● **THE DATA**
==========
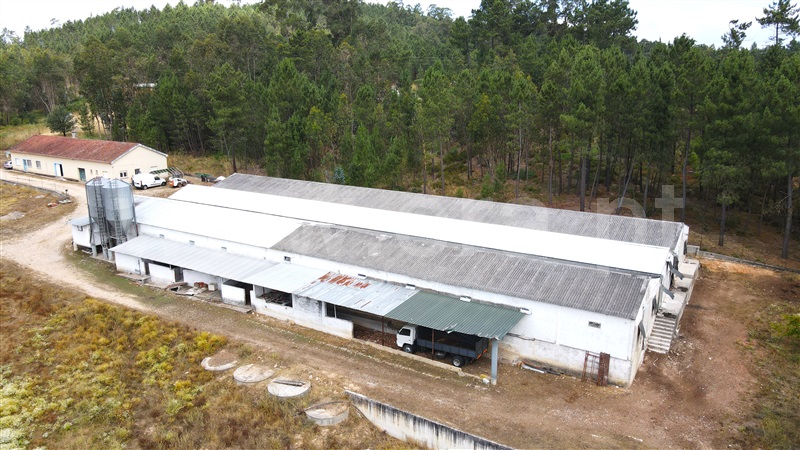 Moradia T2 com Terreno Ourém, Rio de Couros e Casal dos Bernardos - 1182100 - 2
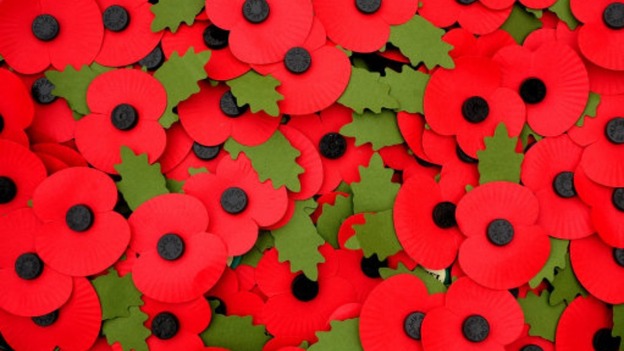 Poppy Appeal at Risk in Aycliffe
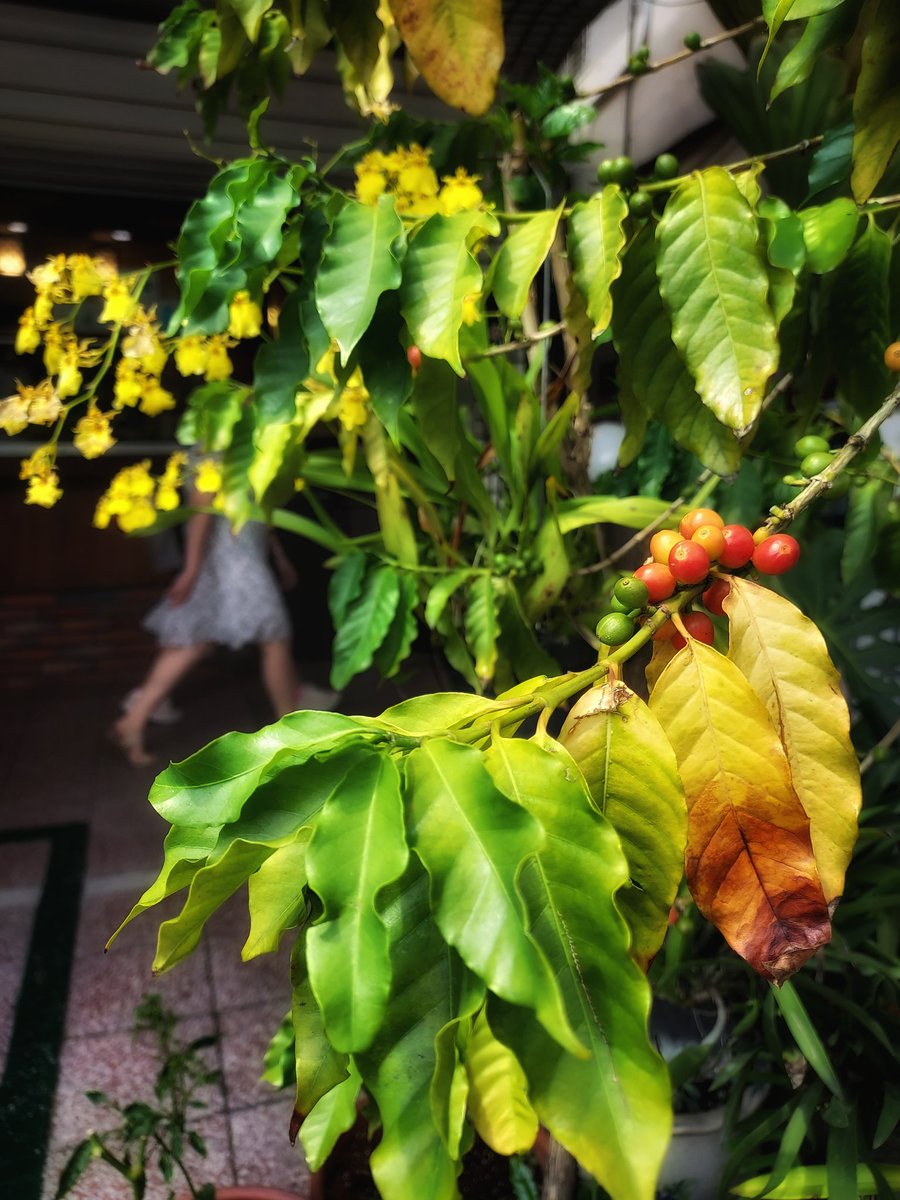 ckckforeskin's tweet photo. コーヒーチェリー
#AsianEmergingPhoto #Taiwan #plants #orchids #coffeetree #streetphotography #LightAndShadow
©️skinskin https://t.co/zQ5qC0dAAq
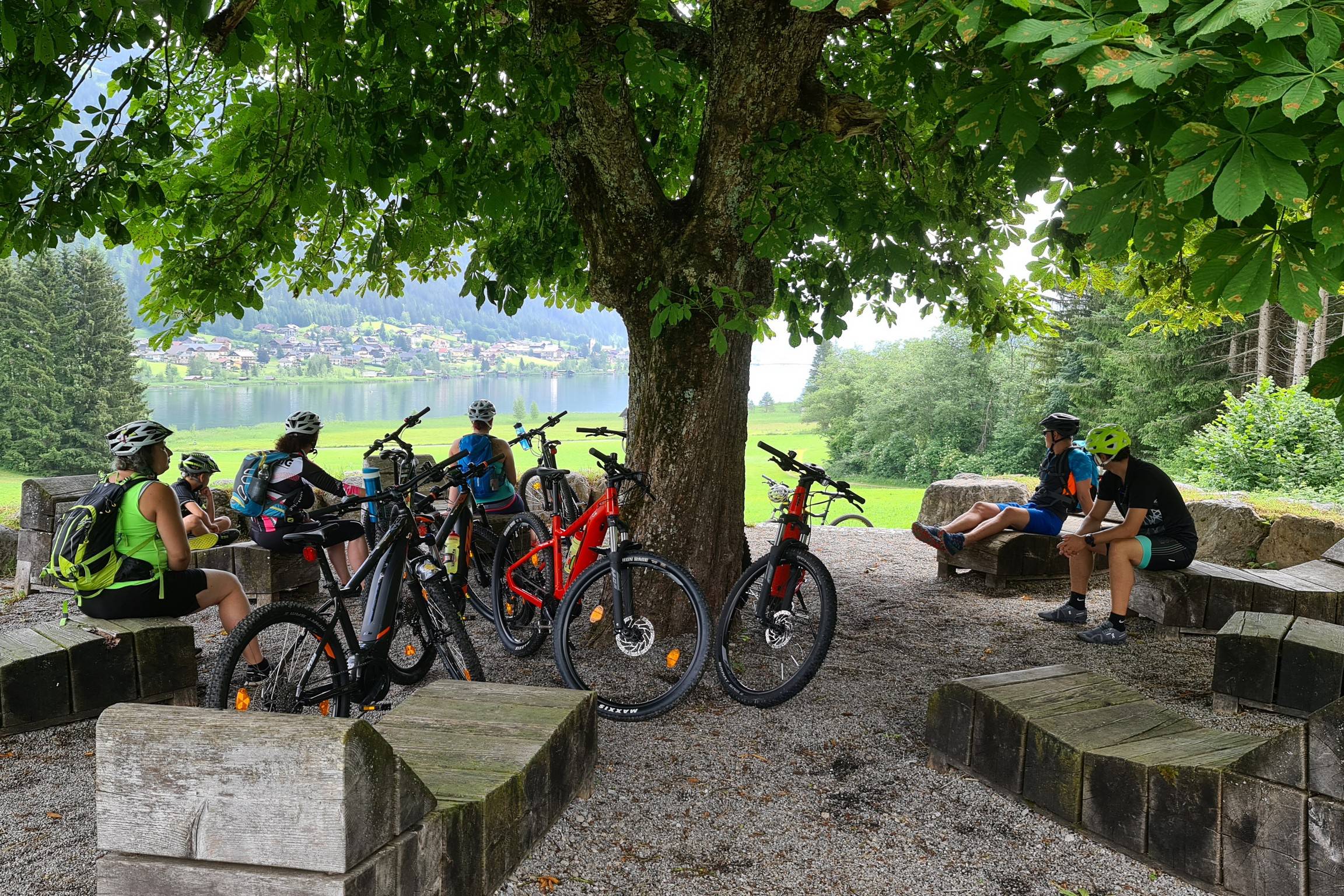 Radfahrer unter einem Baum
==========
● **TASK DETAILS**
Restate the data word for word, minus any images.

● **ANSWER BOX**
 Moradia T2 com Terreno Ourém, Rio de Couros e Casal dos Bernardos - 1182100 - 2
 Poppy Appeal at Risk in Aycliffe
 ckckforeskin's tweet photo. コーヒーチェリー
#AsianEmergingPhoto #Taiwan #plants #orchids #coffeetree #streetphotography #LightAndShadow
©️skinskin https://t.co/zQ5qC0dAAq
 Radfahrer unter einem Baum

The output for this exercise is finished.